In the entries below, find the line with "四月龙男是什么命,属龙男四月生的人命好不好" and the line with "駄菓子ちゃんステッカー"; give again those lines and every line between them, exactly.

- [DATA IN THIS EXERCISE]
○ ○ ○ ○
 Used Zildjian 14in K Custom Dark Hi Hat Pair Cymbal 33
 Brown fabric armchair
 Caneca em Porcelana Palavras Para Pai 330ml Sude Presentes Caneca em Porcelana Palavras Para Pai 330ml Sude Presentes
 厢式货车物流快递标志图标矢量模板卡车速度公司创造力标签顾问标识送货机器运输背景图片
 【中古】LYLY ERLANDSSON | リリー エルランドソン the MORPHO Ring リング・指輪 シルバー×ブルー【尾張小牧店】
○ ○ ○ ○
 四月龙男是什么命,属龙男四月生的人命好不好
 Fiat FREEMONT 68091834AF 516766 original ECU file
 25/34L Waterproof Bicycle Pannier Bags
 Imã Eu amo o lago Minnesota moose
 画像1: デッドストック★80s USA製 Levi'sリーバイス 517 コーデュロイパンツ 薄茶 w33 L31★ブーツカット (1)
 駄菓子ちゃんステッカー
○ ○ ○ ○
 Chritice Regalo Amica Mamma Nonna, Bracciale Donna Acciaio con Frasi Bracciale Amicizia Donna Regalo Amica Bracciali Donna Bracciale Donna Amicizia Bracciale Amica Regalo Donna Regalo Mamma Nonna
○ ○ ○ ○
- [RESPONSE]
 四月龙男是什么命,属龙男四月生的人命好不好
 Fiat FREEMONT 68091834AF 516766 original ECU file
 25/34L Waterproof Bicycle Pannier Bags
 Imã Eu amo o lago Minnesota moose
 画像1: デッドストック★80s USA製 Levi'sリーバイス 517 コーデュロイパンツ 薄茶 w33 L31★ブーツカット (1)
 駄菓子ちゃんステッカー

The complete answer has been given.